Chris Pyne’s shakeup of teacher education is having an impact, with smart providers creating new courses that demonstrate commitment to quality especially in the maths and science space. Yesterday the Australian National University and neighbouring University of Canberra announced a joint programme. Students who complete a bachelor of science at ANU will be able to move on to a teaching masters at UoC. The combined course will shave six months off the length of the two degrees separately.

How you going, all-right?

Thursday is RU OK Day, when we are supposed to ask people in our lives how they are travelling through this vale of tears. At Flinders it will give US ambassador John Berryman, (he is there is to talk about health technology innovation), a chance to ask how everybody in Adelaide is getting on. But being a well-briefed ambassador he probably won’t. The state of the SA economy does not encourage ok-ness.

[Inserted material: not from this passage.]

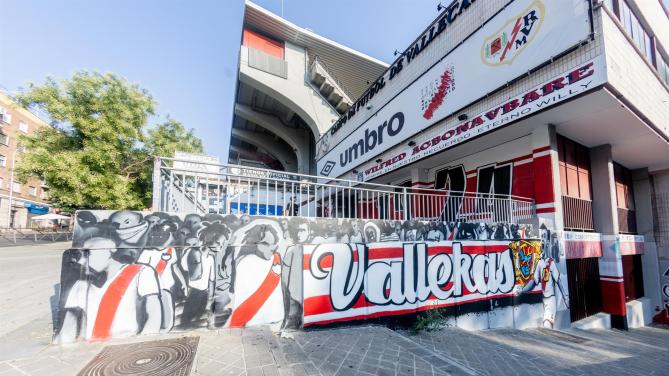 La Comunidad logra acceder por fin al Estadio de Vallecas para las comprobaciones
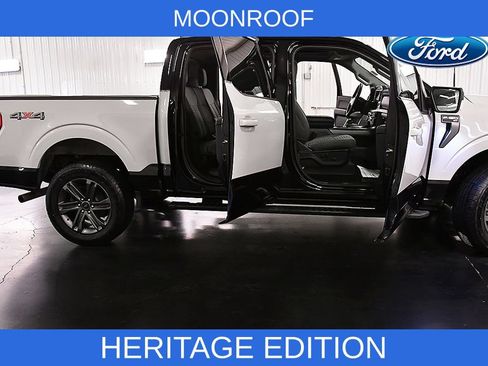 Used 2023 Ford F150 XLT w/ Equipment Group 302A High AWD/4WD image 35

No Clayton corollary to Melbourne model

The M word is being murmured at Monash U, that’s M as in Uni Melbourne and M as in model. One of CMM’s Clayton correspondents suggests that course cuts in arts and IT signal a consolidation of undergraduate education, as occurs at U of M, where students study professional specialisations at masters level.

“Nonsense on stilts” management replied. Monash University has no intention of moving to a ‘Melbourne Model.’ Instead, we believe that it serves students best to have a choice and that’s what we offer. Yes, there are three-year comprehensive degrees in arts, science, business, commerce and IT but they all include one/two majors and have existed for many years.” There are also five-year degrees across a wide range of disciplines, including the B Eng, which includes ten specialisations.

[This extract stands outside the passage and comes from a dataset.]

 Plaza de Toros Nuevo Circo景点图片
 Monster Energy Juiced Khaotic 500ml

Independent sources at Monash confirmed this, saying specialist degrees that are going are no loss (linguistics was one example quoted) because students will still do a major in the discipline in a general arts degree, which is what they mainly do now.

Active ASQA

The Australian Skills Quality Authority appears irritated by hacks (who CMM?) suggesting that it is not doing much of a job in protecting VET students from colleges providing low, or no, quality courses. Yesterday CEO Chris Robinson released performance stats for the last financial year showing ASQA conducted 1400 “audit activities” and variously cancelled, suspended, rejected or otherwise sanctioned 300 training providers in whole or part. Good-oh, but as the Senate committee inquiring into private providers showed last week, news of crook courses keeps coming.

Among friends

The training establishment gathers in Hobart tomorrow for the TAFE Directors Association conference. Speakers include Training Minister Simon Birmingham and his shadow Sharon Bird, Kate Carnell from ACCI, Victorian training reviewer Bruce Mackenzie and the endlessly energetic Chief Scientist Ian Chubb. Perhaps TAFE’s greatest friend among the nest of media vipers, The Australian’s John Ross will also speak.

criterion update

Archipelago of opportunity

CMM suggested yesterday that the for-profit training sector makes the running on developing a market in Indonesia but TAFE can prove him wrong. TAFEs are invited to join Trade Minister Andrew Robb on a mission there, November 17-20. The Indonesians are interested in Certificate II through IV content in areas including, agriculture, healthcare and seniors’ services.